== Segment start ==
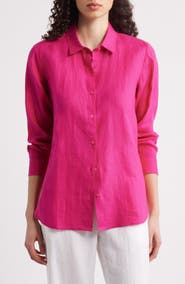 Eileen Fisher Classic Collar Organic Linen Long Button-Up Shirt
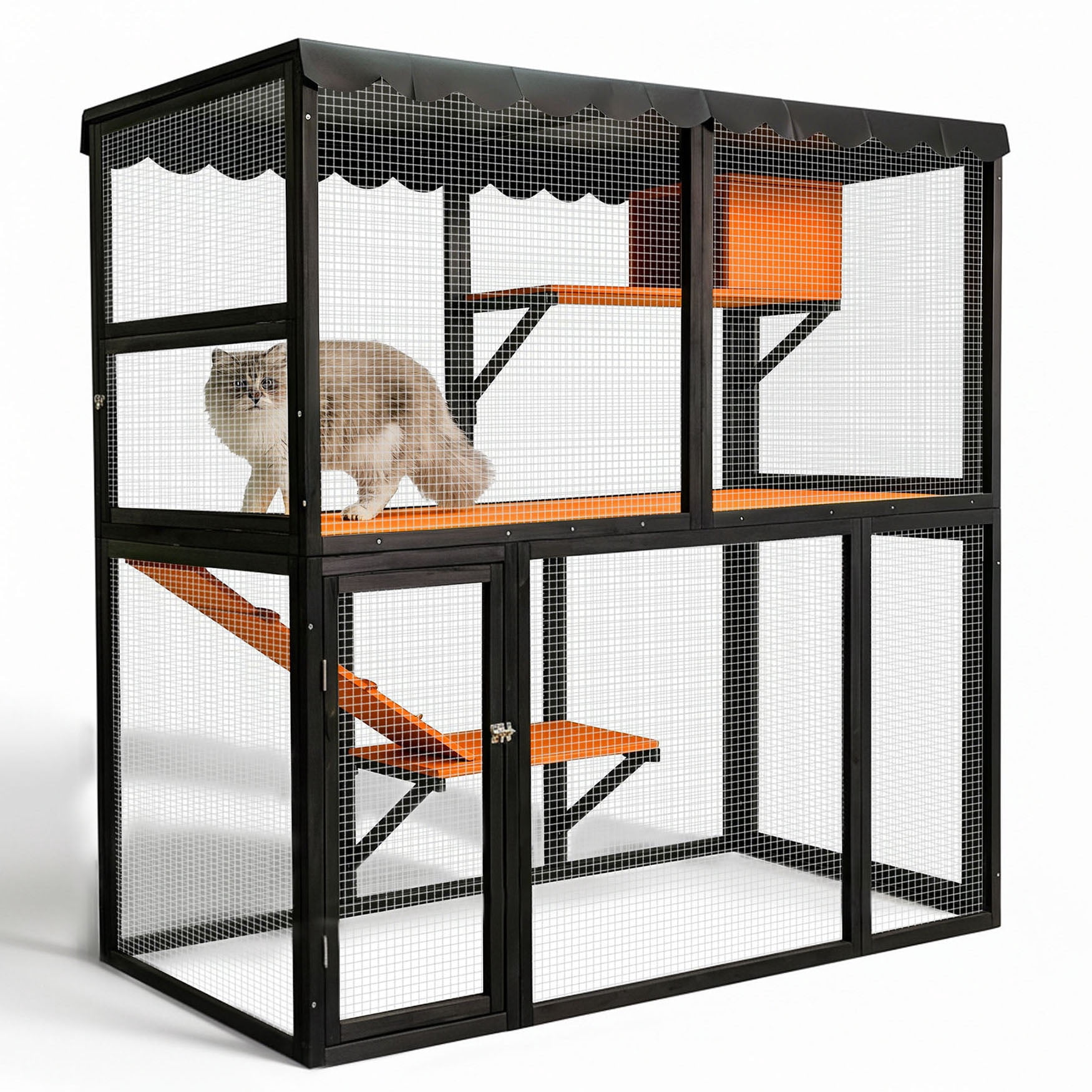 S-HOME Large Four-Tier Wooden Cat Enclosure in Black and Orange with Waterproof Cover and Ramp for Multiple Cats Indoor Outdoor Playhouse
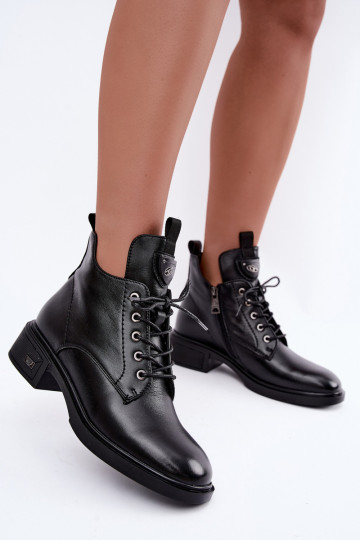 Stivaletti in pelle con ornamenti Vinceza 133145 color nero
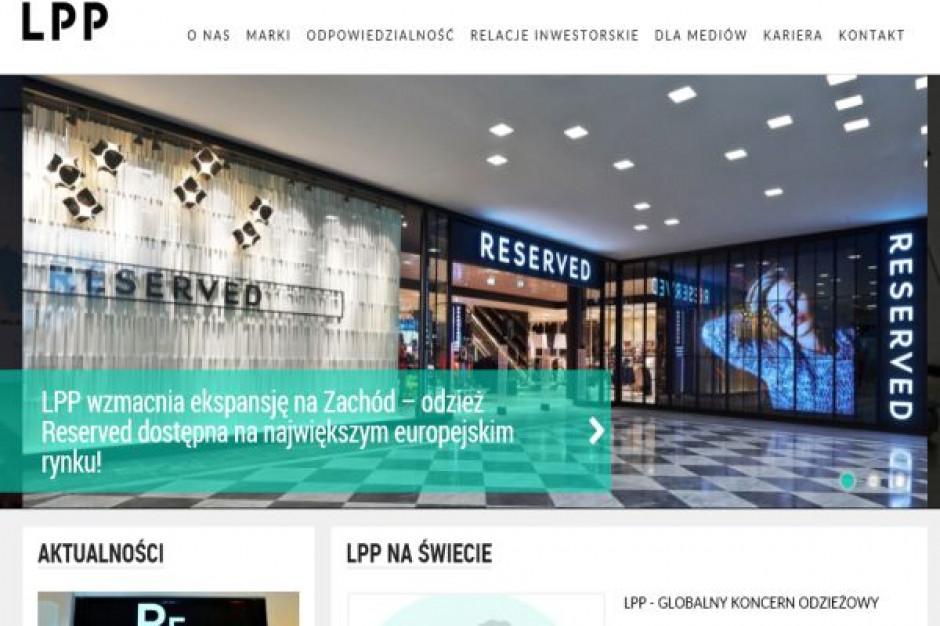 Sprzedaż LfL koncernu LPP spada przez spadek liczby klientów w centrach handlowych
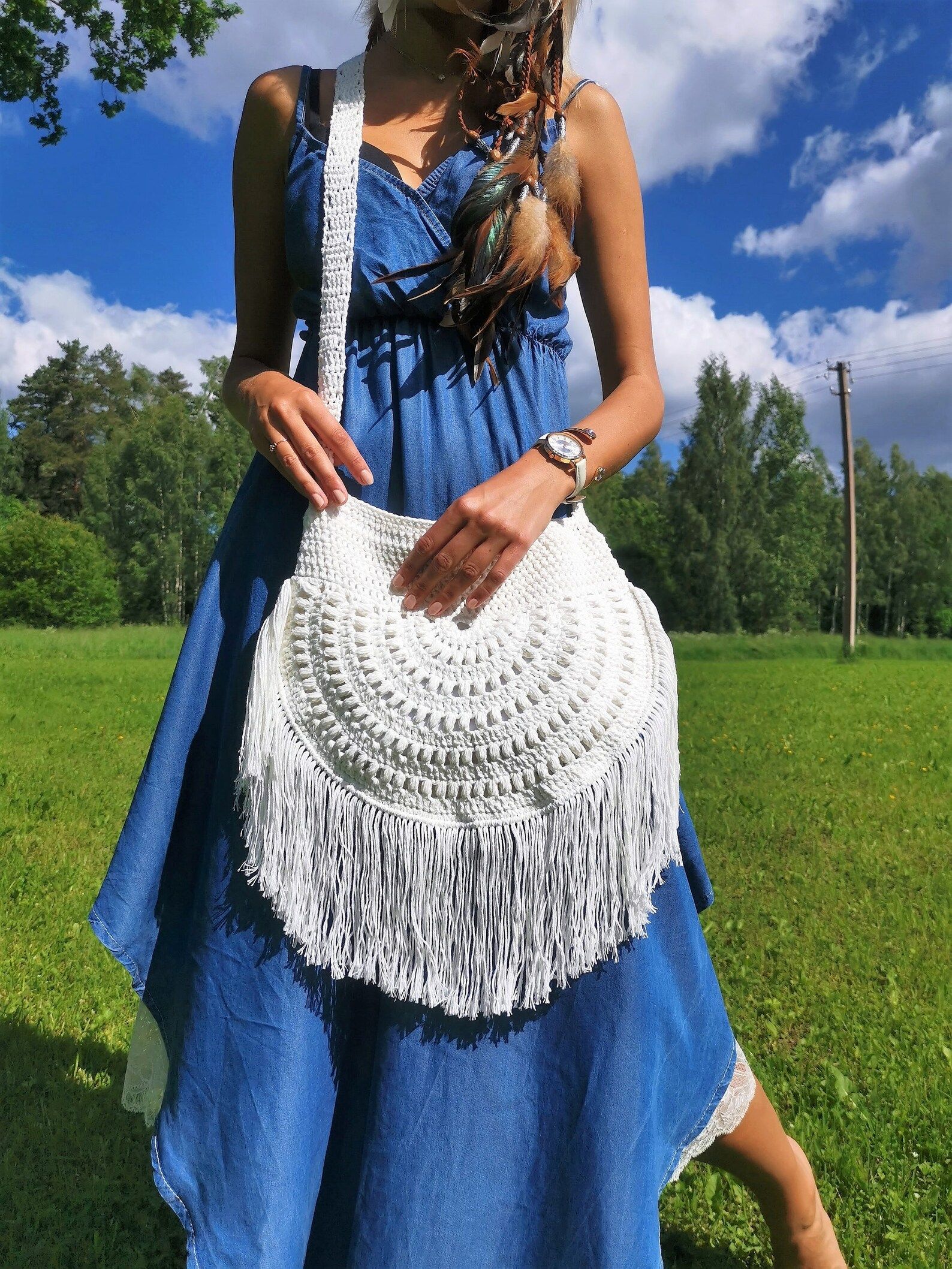 Crochet bag, Summer White gypsy style bag, Boho bag with fringe | Etsy (US)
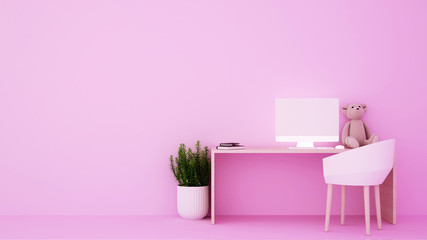 Workplace in the pink room and empty space for add artwork. 3D Illustration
== Segment end ==
*Problem to solve*: Return the data above unchanged. Pictures are not part of the copy.

*Solved problem*:
 Eileen Fisher Classic Collar Organic Linen Long Button-Up Shirt
 S-HOME Large Four-Tier Wooden Cat Enclosure in Black and Orange with Waterproof Cover and Ramp for Multiple Cats Indoor Outdoor Playhouse
 Stivaletti in pelle con ornamenti Vinceza 133145 color nero
 Sprzedaż LfL koncernu LPP spada przez spadek liczby klientów w centrach handlowych
 Crochet bag, Summer White gypsy style bag, Boho bag with fringe | Etsy (US)
 Workplace in the pink room and empty space for add artwork. 3D Illustration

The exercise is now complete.